- **Recorded data**:
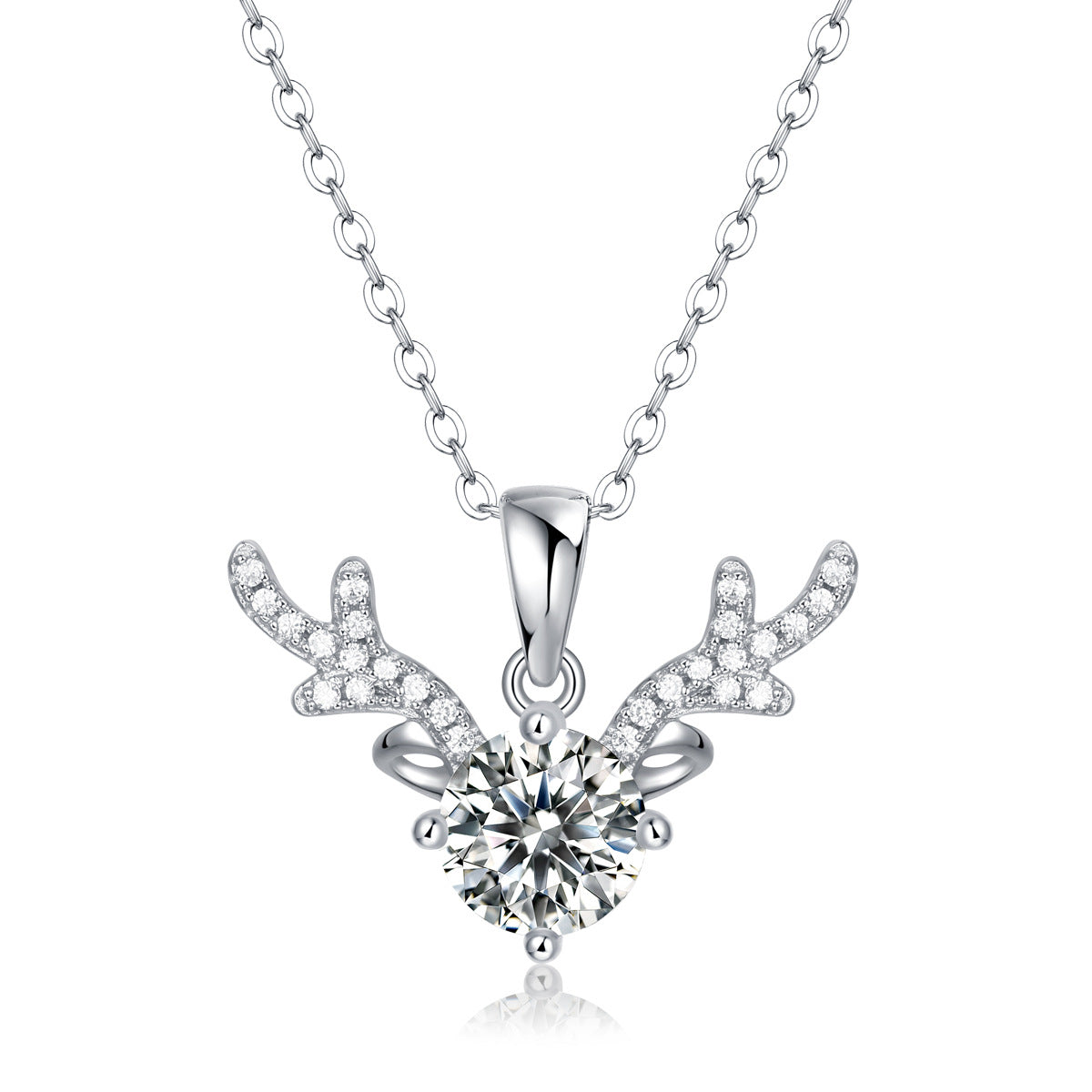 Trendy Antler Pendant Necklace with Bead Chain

--

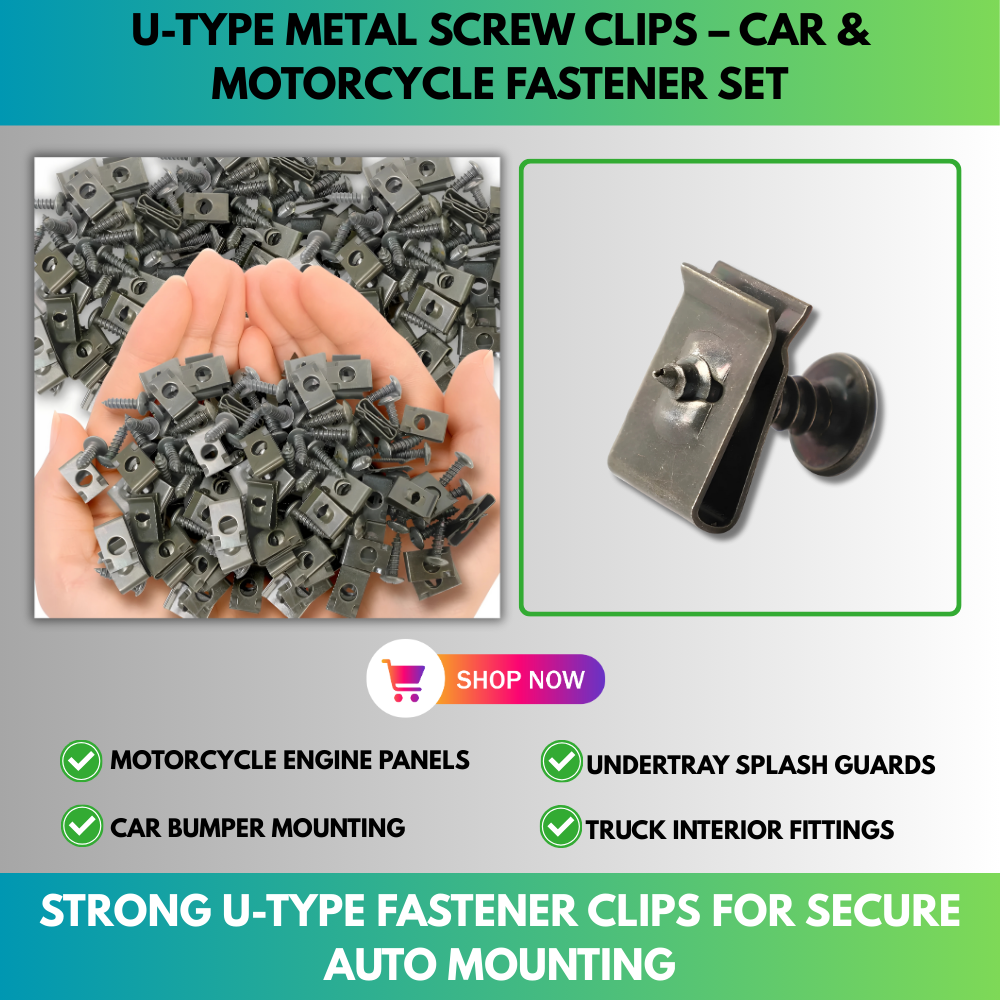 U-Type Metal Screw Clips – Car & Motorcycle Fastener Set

--

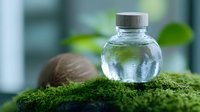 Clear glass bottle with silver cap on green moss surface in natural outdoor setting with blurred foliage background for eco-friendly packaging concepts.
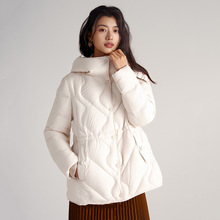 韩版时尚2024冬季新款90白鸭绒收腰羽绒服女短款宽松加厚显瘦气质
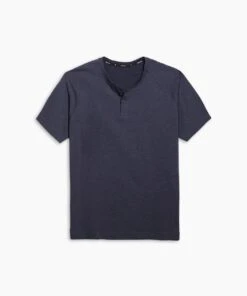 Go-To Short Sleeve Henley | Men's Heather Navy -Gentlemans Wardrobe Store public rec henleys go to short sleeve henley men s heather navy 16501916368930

- **What you should do**: From the line containing "韩版时尚2024冬季新款90白鸭绒收腰羽绒服女短款宽松加厚显瘦气质" through the line containing "Go-To Short Sleeve", copy every line above exactly, without pictures.

- **Finished task**:
 韩版时尚2024冬季新款90白鸭绒收腰羽绒服女短款宽松加厚显瘦气质
 Go-To Short Sleeve Henley | Men's Heather Navy -Gentlemans Wardrobe Store public rec henleys go to short sleeve henley men s heather navy 16501916368930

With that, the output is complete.